In theory, it may be possible to dereference and use an erased
type for specific accesses/operations, provided that the operation is solely a function of its non-erased parameters. However, such behavior would be an extension of this proposal.
I'm not certain, but I believe this also opens the door to additional debug safety: The compiler should be able to replace an erased
pointer with a fat pointer describing its erased
parameters. Then, when a specialized function fn(x: *A)
is cast to an erased
function pointer *fn(x: * erased T)
, it can be wrapped in a check that inspects the fat pointer information to make sure that the underlying type is A
.
If this works, it may help to avoid a foot-gun with run-time polymorphism today, as described in (Minor) Proposal: parent
Pointer Attribute for safer polymorphism in Zig
Details: Type constructor functions as variables ("Sandwich" Inference)
"Sandwich" inference is when one of the type constructor functions in the signature is a metavariable to be inferred.
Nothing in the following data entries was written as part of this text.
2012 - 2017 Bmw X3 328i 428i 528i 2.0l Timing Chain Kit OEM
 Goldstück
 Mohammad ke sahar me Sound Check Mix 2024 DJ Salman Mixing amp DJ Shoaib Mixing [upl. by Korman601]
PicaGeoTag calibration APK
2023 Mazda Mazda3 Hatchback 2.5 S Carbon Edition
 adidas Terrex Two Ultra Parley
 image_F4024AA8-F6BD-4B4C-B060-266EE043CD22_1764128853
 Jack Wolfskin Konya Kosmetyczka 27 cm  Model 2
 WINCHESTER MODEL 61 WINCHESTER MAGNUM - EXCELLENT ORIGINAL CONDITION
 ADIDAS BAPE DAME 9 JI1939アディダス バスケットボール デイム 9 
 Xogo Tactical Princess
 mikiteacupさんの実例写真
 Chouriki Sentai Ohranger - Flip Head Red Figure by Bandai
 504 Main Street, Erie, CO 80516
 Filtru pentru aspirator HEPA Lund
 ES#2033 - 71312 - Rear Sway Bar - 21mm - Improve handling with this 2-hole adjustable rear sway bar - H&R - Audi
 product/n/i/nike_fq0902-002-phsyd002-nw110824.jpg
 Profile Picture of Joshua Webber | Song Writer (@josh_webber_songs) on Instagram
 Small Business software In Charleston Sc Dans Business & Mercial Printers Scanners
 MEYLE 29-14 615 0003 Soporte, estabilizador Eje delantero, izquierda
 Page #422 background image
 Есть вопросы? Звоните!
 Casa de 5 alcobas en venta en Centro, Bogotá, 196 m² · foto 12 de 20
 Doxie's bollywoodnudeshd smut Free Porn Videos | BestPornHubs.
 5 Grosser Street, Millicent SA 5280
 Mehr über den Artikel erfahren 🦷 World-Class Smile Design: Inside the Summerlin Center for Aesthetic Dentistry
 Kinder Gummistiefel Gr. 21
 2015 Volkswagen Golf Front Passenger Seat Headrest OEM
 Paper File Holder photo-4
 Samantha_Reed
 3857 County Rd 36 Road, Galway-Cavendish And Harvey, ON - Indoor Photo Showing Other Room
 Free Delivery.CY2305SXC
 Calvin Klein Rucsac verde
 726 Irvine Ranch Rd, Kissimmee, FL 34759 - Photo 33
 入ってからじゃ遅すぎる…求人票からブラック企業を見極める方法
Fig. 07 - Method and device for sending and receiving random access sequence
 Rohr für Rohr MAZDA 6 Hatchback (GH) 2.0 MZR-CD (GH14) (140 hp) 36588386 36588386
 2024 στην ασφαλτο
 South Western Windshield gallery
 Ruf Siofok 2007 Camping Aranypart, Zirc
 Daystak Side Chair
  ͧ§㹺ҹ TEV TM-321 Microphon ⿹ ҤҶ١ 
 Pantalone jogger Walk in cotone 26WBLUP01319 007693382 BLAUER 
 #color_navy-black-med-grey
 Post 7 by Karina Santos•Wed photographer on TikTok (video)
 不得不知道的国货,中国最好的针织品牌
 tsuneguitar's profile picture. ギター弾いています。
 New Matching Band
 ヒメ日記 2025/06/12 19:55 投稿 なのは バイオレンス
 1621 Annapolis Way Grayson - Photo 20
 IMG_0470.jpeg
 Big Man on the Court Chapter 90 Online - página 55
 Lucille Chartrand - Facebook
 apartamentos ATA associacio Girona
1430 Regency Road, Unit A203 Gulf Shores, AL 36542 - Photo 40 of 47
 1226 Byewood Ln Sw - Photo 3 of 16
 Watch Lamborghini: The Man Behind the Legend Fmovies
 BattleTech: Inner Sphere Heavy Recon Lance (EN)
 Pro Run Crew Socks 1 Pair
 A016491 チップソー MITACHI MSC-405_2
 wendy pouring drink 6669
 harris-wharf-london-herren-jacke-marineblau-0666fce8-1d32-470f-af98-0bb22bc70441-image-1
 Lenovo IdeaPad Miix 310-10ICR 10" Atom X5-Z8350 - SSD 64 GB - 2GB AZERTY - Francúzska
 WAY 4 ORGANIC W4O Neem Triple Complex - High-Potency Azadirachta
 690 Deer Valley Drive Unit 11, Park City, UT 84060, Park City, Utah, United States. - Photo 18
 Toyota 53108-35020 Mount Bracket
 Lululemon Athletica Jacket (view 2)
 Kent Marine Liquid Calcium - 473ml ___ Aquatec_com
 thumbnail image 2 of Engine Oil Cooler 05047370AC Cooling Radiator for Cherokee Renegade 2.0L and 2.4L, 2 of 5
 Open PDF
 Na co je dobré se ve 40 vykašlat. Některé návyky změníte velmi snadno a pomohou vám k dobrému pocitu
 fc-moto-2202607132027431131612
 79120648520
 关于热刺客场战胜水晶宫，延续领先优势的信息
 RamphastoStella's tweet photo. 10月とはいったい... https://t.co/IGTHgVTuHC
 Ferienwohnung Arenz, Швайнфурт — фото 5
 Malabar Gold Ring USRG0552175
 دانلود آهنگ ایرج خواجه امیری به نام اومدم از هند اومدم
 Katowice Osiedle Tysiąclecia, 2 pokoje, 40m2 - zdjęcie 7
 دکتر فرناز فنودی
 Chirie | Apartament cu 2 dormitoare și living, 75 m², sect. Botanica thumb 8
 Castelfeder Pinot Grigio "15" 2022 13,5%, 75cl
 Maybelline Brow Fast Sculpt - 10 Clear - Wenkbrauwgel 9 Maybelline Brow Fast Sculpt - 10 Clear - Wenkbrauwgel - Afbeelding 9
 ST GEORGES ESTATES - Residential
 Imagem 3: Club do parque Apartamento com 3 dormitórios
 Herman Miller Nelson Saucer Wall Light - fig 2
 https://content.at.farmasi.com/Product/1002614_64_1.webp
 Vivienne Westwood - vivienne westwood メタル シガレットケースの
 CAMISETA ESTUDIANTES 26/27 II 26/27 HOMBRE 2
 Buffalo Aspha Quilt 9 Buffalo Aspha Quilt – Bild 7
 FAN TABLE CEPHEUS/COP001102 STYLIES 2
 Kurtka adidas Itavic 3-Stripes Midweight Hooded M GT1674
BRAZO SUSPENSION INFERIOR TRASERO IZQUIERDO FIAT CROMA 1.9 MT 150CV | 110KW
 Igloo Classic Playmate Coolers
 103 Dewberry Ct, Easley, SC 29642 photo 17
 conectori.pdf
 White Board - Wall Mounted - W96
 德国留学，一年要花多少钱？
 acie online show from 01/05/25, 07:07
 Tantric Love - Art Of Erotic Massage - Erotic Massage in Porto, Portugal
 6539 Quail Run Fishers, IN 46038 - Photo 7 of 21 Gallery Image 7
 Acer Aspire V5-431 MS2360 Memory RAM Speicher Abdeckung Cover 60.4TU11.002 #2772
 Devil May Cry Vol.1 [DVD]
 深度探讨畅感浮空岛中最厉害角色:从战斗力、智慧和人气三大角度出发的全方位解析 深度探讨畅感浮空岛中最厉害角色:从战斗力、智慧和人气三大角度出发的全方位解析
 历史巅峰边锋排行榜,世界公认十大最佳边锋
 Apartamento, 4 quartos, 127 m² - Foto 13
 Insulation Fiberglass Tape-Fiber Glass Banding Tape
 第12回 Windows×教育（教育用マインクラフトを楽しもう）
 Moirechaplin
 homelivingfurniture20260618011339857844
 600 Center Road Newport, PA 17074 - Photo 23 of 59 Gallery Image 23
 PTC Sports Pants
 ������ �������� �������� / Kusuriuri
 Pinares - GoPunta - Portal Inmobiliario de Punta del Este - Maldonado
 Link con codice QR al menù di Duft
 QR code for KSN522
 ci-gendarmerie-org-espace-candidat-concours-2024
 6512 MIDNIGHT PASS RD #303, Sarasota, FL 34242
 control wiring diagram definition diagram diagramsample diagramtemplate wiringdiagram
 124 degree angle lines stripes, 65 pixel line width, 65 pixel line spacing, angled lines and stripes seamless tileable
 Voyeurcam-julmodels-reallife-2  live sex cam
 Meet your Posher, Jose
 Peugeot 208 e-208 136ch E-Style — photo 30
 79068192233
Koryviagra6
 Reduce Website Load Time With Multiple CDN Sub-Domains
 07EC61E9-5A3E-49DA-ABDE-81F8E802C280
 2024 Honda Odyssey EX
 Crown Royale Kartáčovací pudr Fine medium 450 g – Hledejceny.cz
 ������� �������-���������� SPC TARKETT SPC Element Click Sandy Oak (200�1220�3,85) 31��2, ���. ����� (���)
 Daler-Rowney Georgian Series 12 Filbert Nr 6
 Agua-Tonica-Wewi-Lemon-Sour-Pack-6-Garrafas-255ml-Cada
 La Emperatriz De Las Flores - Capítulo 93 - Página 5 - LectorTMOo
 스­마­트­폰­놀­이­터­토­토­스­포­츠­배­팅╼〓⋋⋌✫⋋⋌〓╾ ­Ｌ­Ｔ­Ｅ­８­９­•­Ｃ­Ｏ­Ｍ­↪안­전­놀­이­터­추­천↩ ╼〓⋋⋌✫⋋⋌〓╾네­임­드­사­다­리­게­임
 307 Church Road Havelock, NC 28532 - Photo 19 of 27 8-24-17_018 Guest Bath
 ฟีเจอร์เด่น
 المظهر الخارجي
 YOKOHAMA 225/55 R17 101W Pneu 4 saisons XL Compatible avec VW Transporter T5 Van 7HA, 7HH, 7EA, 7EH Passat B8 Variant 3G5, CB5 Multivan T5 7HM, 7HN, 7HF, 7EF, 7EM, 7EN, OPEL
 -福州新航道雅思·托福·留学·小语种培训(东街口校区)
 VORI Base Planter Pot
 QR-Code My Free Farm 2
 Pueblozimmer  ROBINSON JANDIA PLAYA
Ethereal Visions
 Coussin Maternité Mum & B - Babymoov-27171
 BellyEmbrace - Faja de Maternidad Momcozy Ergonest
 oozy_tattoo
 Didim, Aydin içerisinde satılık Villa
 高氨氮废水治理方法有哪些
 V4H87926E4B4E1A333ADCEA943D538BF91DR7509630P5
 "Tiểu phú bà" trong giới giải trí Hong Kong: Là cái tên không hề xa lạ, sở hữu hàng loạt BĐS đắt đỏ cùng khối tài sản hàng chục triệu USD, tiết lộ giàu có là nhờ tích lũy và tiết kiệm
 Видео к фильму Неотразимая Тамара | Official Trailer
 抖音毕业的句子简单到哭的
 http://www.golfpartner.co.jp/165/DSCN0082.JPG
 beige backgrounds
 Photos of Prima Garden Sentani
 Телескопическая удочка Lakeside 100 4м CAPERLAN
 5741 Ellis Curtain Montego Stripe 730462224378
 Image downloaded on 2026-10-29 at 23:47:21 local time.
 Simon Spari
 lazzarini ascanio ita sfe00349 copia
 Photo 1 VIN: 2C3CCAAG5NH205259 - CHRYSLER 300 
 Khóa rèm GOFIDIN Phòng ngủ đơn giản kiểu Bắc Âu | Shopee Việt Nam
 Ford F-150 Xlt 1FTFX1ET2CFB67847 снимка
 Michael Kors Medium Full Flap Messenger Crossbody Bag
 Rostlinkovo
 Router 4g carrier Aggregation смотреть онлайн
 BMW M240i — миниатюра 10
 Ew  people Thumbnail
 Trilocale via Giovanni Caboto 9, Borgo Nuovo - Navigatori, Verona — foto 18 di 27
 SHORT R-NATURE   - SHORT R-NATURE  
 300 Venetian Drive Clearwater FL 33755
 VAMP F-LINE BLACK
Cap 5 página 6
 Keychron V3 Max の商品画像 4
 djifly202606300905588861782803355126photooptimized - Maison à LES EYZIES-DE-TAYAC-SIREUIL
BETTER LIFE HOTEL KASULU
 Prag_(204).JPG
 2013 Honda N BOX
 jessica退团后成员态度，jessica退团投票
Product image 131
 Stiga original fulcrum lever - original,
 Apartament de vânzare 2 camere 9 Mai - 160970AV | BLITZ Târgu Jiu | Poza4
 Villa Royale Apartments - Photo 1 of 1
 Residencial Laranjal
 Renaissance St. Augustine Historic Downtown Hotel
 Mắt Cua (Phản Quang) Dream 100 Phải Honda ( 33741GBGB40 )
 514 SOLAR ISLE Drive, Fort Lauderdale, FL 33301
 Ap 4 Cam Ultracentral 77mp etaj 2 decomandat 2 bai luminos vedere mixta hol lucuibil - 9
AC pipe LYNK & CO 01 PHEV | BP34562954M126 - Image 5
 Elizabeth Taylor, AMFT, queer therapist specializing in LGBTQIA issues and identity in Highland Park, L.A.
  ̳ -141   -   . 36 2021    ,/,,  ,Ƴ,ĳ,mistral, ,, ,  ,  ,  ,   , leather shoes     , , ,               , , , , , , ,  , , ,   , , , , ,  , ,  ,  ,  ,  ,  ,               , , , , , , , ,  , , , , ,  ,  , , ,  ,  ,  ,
The sandwich part refers to the fact that the variables can appear in-between constant terms, rather than just at the top-most level of parameters. This can lead to pretty strange and complex patterns:
fn(x: any L(any T, any N), x: T[N]) u32
fn(x: any T(u32, u8)) u32
fn(x: ArrayList(any T(u32, u8))) u32
This inference is perfectly decidable as a unification problem, but these patterns often feel more confusing than helpful. For that reason, it may be preferable to forbid sandwich inference, at least until a clear use case arises.
Details: Syntax and keywords
Not to bikeshed, but syntax is fairly important for this proposal so I wanted to flesh out the options a bit. Especially if erased parameters are accepted as an extension, we'll want to make sure we maintain some consistency between the runtime-erased and comptime-specialized type inference keywords.
I've used any
/erased
in this document, but there are other variations, as well:
Option 1 Option 2 Option 3 Option 4
Comptime specialized: any T | comptime any T | any T | var T
Run-time erased: erased T | any T | undefined T | erased T
I've been preferring Option 1 on the grounds that Option 2 is too verbose and Option 4 is misleading by labelling comptime specialization with the var
keyword. Option 3 is a good candidate as well, since it doesn't require introducing a new keyword, but it seems unintuitive to have a potentially-constrained metavariable labelled with undefined
, even if it's true that you're not allowed to use it within the function.
This is also related to https://github.com/ziglang/zig/issues/5893.
Resolving the question for this proposal would also imply a solution for #5893. Furthermore, some of the conceptual unification that issue gets at seems to be provided by this proposal. anyframe
could become Frame(any)
and anyerror
could become Error(any)
, although the special-case keywords are easily spotted so they might be worth keeping around.
If this proposal is accepted, we might also want to consider an alternative slice syntax such as *[var]T
, since many newcomers to the language seem to be suprised that []T
is actually a reference type.
Finally, in order to disambiguate between inferred parts of a term versus constants, we should require erased
/any
for every appearance of a metavariable T
. Of course, a metavariable T
should never shadow a constant.
Details: @TypeInfo/@Type
@TypeInfo
/@Type
would be supported exactly as they are today. In particular, they would not support creating a type(...)
function.
There are places in the standard library (e.g. enums.zig
, mem.zig
, meta.zig
) that use @Type
today. These use cases would benefit from a built-in @TypeFunction()
which converts a fn(...) TypeInfo
function into a type(...)
function, if inference is really desired.